======== Given information

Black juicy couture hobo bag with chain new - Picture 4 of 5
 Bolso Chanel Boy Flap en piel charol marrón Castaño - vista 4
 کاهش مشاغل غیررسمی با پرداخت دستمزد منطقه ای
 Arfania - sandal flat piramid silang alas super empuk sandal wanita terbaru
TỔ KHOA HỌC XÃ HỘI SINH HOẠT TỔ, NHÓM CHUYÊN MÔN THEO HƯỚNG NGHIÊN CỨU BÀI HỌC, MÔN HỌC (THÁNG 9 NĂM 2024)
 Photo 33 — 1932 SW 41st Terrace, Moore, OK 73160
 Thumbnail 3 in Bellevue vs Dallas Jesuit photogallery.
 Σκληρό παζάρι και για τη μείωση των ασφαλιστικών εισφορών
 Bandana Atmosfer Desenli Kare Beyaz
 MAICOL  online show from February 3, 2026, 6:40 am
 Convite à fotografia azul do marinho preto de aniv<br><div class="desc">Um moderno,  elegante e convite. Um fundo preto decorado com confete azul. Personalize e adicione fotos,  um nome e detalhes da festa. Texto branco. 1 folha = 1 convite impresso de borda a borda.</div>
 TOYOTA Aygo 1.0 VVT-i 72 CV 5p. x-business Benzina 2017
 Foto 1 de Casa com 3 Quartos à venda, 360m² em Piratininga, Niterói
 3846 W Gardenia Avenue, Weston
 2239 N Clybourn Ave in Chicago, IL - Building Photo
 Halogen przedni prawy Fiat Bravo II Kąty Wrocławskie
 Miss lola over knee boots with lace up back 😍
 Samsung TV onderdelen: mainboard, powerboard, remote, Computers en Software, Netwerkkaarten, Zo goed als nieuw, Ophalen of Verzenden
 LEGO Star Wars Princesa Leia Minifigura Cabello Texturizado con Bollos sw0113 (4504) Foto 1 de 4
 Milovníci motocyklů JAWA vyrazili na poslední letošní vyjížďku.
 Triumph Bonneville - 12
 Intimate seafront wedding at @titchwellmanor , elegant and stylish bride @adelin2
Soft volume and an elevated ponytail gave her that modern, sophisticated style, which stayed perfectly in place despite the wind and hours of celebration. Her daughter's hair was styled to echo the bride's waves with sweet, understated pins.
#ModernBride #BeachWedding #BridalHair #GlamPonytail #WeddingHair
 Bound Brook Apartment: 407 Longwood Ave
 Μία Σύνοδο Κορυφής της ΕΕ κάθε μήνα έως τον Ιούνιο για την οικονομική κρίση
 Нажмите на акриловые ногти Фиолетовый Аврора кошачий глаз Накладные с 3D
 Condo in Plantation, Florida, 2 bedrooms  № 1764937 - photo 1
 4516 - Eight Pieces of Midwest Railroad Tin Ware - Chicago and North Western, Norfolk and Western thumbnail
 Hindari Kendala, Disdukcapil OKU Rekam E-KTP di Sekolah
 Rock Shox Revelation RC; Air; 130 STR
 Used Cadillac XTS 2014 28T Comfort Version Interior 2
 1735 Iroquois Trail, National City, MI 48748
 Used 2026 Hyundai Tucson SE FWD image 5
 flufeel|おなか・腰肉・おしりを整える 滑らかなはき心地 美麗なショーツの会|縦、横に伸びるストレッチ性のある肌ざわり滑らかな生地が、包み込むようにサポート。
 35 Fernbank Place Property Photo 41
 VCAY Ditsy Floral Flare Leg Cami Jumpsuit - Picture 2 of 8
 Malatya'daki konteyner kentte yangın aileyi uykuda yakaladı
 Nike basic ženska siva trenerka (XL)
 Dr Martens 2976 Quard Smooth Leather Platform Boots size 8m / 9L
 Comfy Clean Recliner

================

§ **Task description**
Output the lines above exactly, but only those between the line holding "Foto 1 de Casa" and the line holding "LEGO Star Wars", inclusive.

§ **Reply to the task**
 Foto 1 de Casa com 3 Quartos à venda, 360m² em Piratininga, Niterói
 3846 W Gardenia Avenue, Weston
 2239 N Clybourn Ave in Chicago, IL - Building Photo
 Halogen przedni prawy Fiat Bravo II Kąty Wrocławskie
 Miss lola over knee boots with lace up back 😍
 Samsung TV onderdelen: mainboard, powerboard, remote, Computers en Software, Netwerkkaarten, Zo goed als nieuw, Ophalen of Verzenden
 LEGO Star Wars Princesa Leia Minifigura Cabello Texturizado con Bollos sw0113 (4504) Foto 1 de 4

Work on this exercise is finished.